Once again – respectfully – this remains largely twaddle as the facts themselves state otherwise.

Even at the microarchitecture level, the hard part is not raw CISC-ness but irregularity and compatibility baggage. In that respect x86 was usually the uglier customer.

High-end x86 implementations ultimately scaled further because Motorola had less market pressure and fewer resources than Intel to keep throwing silicon at the problem, not because m68k was somehow harder to optimise.

Later high-performance m68k cores did what later x86 cores also did: translate the architected variable-length instruction stream into a more regular internal form. Motorola’s own MC68060 manual says the variable-length M68000 instruction stream is internally decoded into a fixed-length representation and then dispatched to dual pipelined RISC execution engines. That is not evidence of an ISA that was uniquely resistant to microarchitectural optimisation. It is evidence that Motorola used the same broad trick that became standard elsewhere: hide ISA ugliness behind a cleaner internal machine.

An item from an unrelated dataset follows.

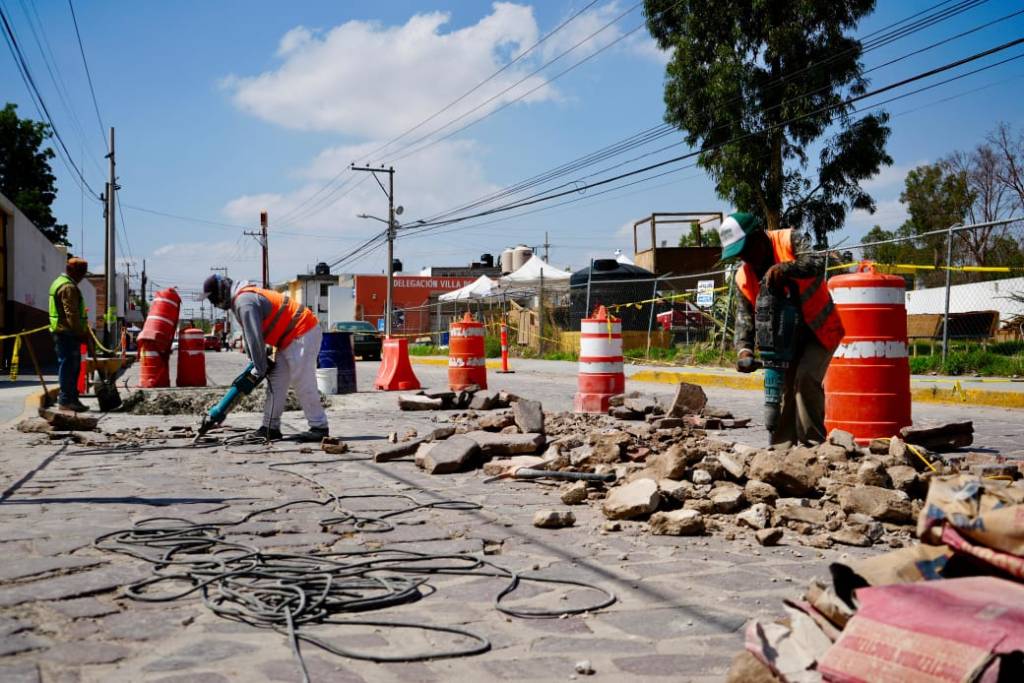 MÁS DE 3 MIL METROS CUADRADOS DE BACHEO REALIZADOS EN VILLA DE&nbsp;POZOS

There is also a deeper point. The m68k ISA was rich, but it was comparatively regular and systematic at the architectural level. The m68k manuals show a clean register model and – notably – consistent condition-code behaviour across instruction forms. That kind of regularity is exactly what tends to help both compiler backends and hardware decode/control design. By contrast, x86’s biggest hardware pain historically came not from being «less CISC» than m68k, but from being more irregular and more burdened by backward compatibility.

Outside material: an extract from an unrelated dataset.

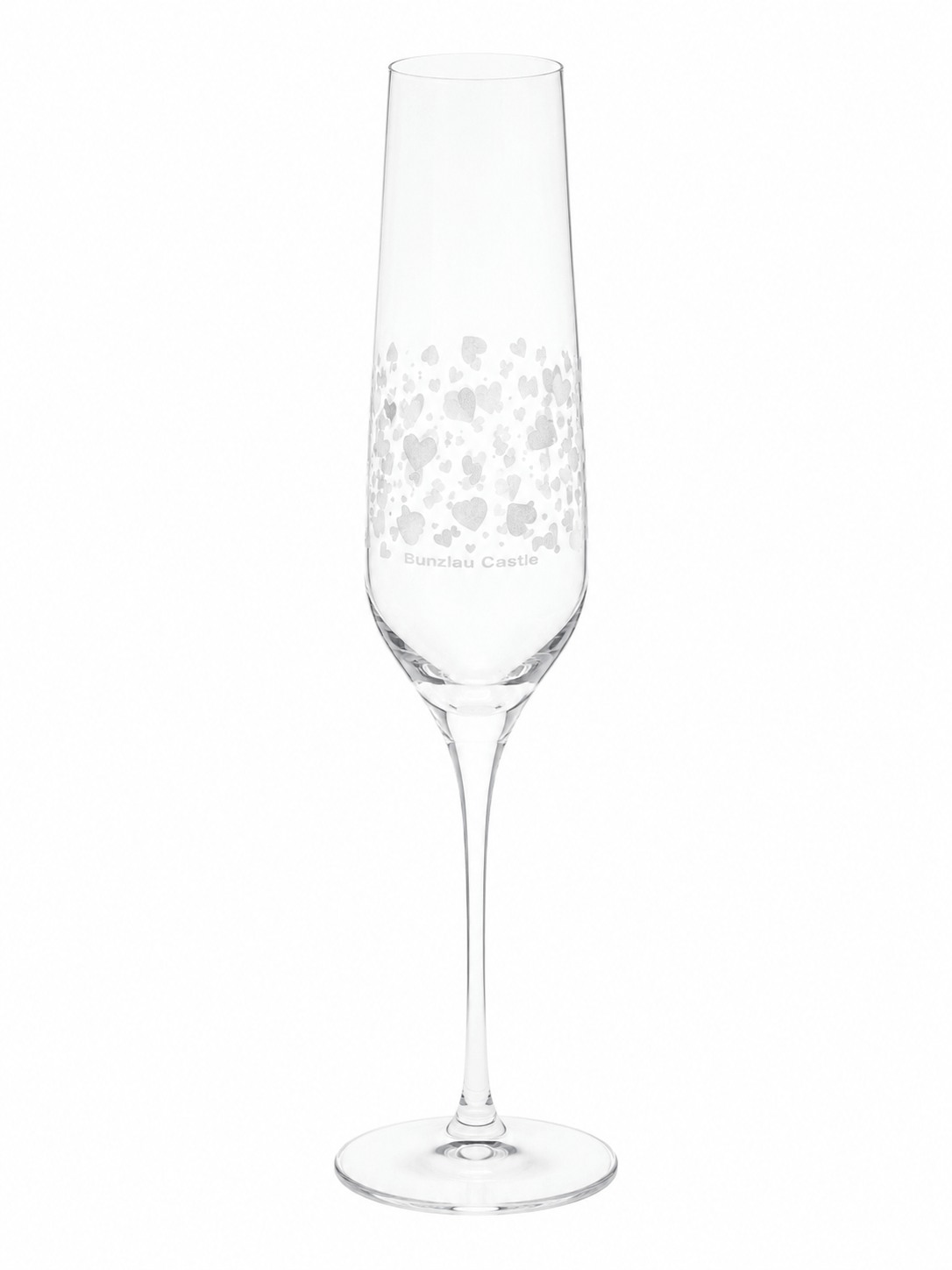 Champagne glas 195 ml - Hearts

Lastly, but not least importantly, CPU's were not the core business of Motorola – it was a large communications-and-semiconductors company, with the CPU's being just one product family within a much larger semiconductor business.

There was no clear understanding within the company of the rising importance of CPU's (and computing in general), hence the chronic underinvestment in the CPU product line – m68k did not see the light of highly advanced, performant designs purely because of that.

Well, here I am following what people who worked on CPUs at the time wrote.

And from the point of microcoded system like x86 and 680xx were (including 68060) it is important to how many microinstructions your instruction stream will decode - something that greatly favours ISAs that are not orthogonal - and major reason why x86 often has 1.2-1.6 ratio of microinstruction to instruction for overall program code.

Orthogonality makes it problematic because while it's easy in "interpreter microprogram" style of old and easy to program in assembly for, it means that for example for 68k you have to deal with many addressing modes for every operand - whereas x86 pretty much fuses it between 1 to 2 instructions because only one operand can have any computed address, and scope of available computation is limited (even compared to just 68000).

This means that while both architectures can use "translation microcode" approach, one (x86) will easily decode into one or two 72bit instructions (using P6 here) with worst case involving somewhat rare 3 operand form of memory address (which still can only happen for one operand of the instruction, not both)

The non-technical parts I won't dispute.